To investigate, let’s return to our input directory to revisit the JSON file that contains our simulation’s parameters. To align our simulation more closely with the particle count seen in the study, we’ll adjust the particleRadius from 0.01 to 0.008. This change will increase the number of particles in our simulation, thus enhancing the overal resolution and (hopefully) leading to more physically accurate results.

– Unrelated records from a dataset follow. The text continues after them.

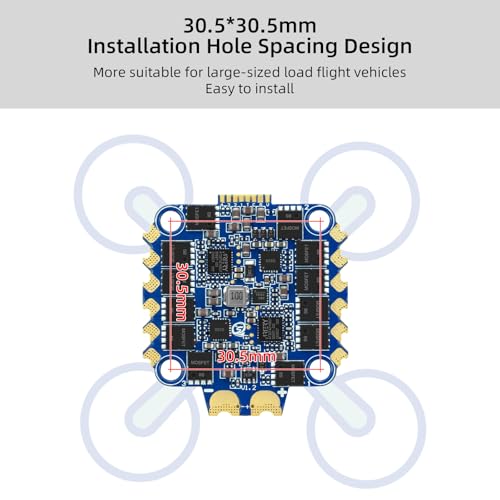 SEQURE 4in1 ESC 70A Brushless Electric Speed Controller 2-8S AM32 ESC 30.5x30.5mm for FPV Racing Drones Freestyle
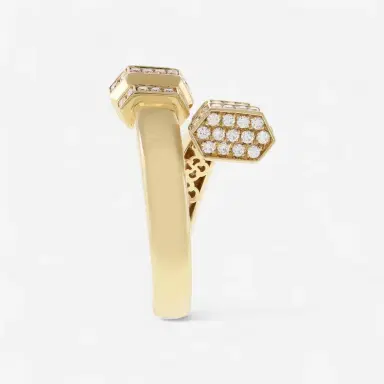 Crivelli Crivelli 18K Yellow Gold Two-Headed Pillar Wrap Ring Sz. 7 by The Solist | Thumbnail 3 Crivelli Crivelli 18K Yellow Gold Two-Headed Pillar Wrap Ring Sz. 7 by The Solist | Thumbnail 3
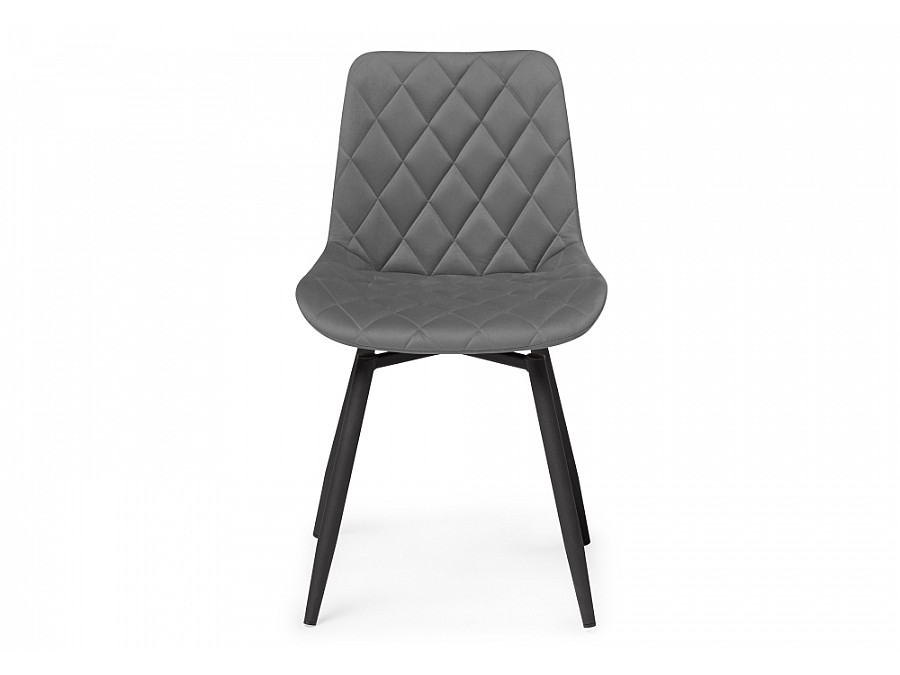 Стул на металлокаркасе Баодин К крутящийся темно-серый / черный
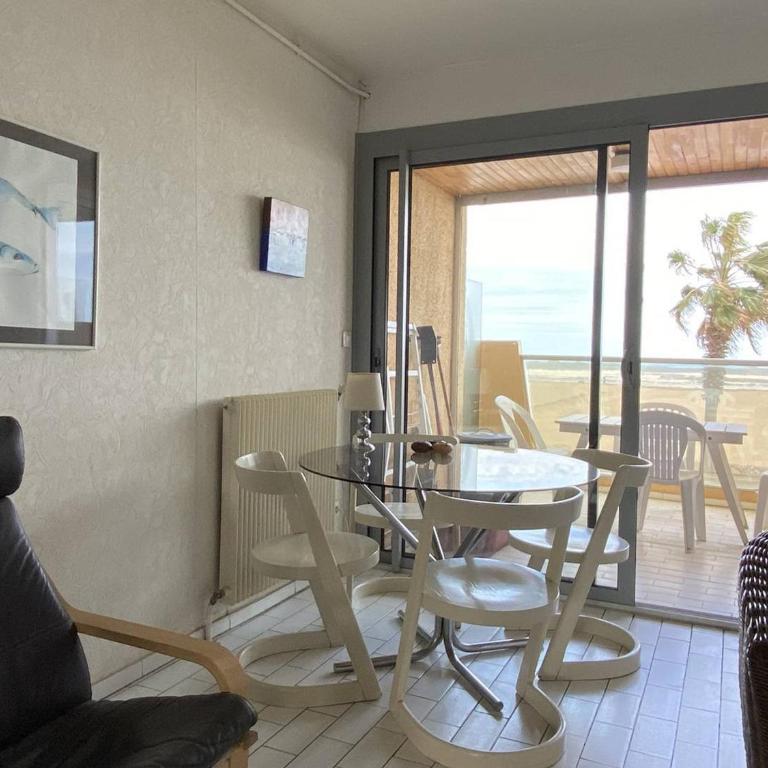T2 traversant moderne à Canet Plage - 4 pers, loggia vue mer - FR-1-696-118 - Appartement - 7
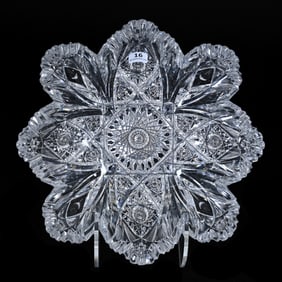 Bowl, Blown Mold, ABCG, Signed Hawkes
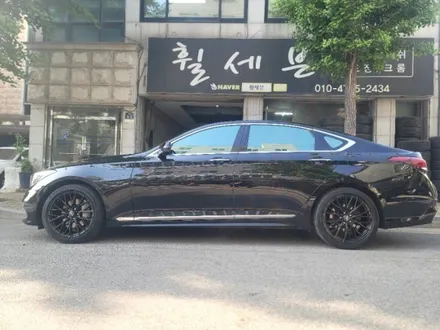 수원 휠 현대 g80 스포츠 19인치 휠복원,수리,휠도색 색상 블랙유광 컬러! / 수원 탑동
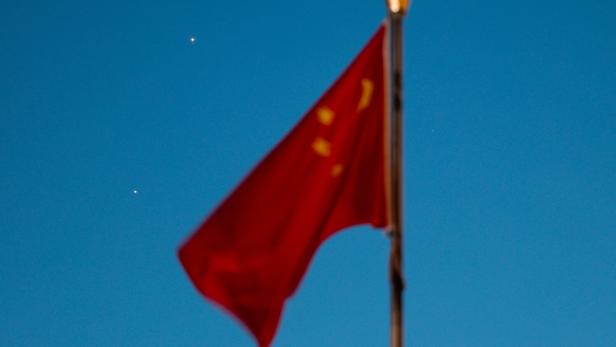 A conjunction of the planets Jupiter and Venus is seen in  Hohhot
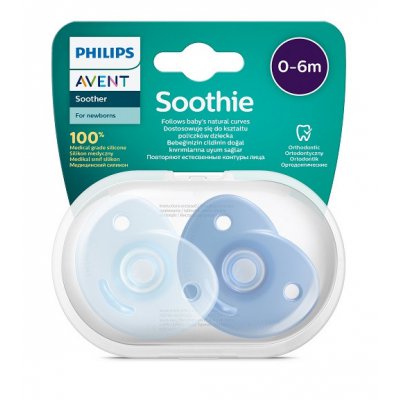 Philips AVENT šidítko Soothie, 0 - 6 m - Chlapec, 2 ks - obrázek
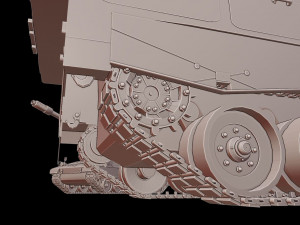 pz2000 tanks 3D Print Model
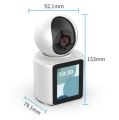 Video Calling Smart WiFi Camera with Screen | Two-Way Video Calling | Full HD Resolution | Wide Angle View | Human Detection | App Control | One-Button Call | PTZ Control. 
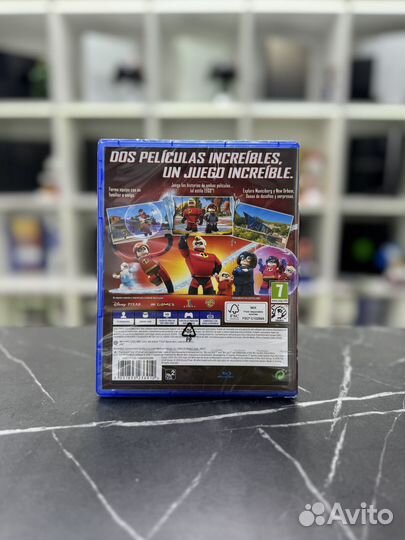 Диск для PS4. lego Суперсемейка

Set the particle radius to 0.008 in “Configuration” block.#
{   
    "Configuration": {
        "stopAt": 4,
        "timeStepSize": 0.01,
        "particleRadius": 0.008,
    }
} 

Following the same steps we took to[run our preconfigured “base case”] above, we will see that this simulation should take around 30 minutes to run, and generates roughly 300 MB of data from 601 frames. If we’re aiming to run 10,000 or even 20,000 variations of our “base case” using the current hardware option, then we will have to wait for many thousands hours to achieve a large-enough dataset.

To speed this up, we will defintely need to choose much more powerful computational resources to run the required number of simulation. Fortunatelly, this is extremely easy to do using the Inductiva API.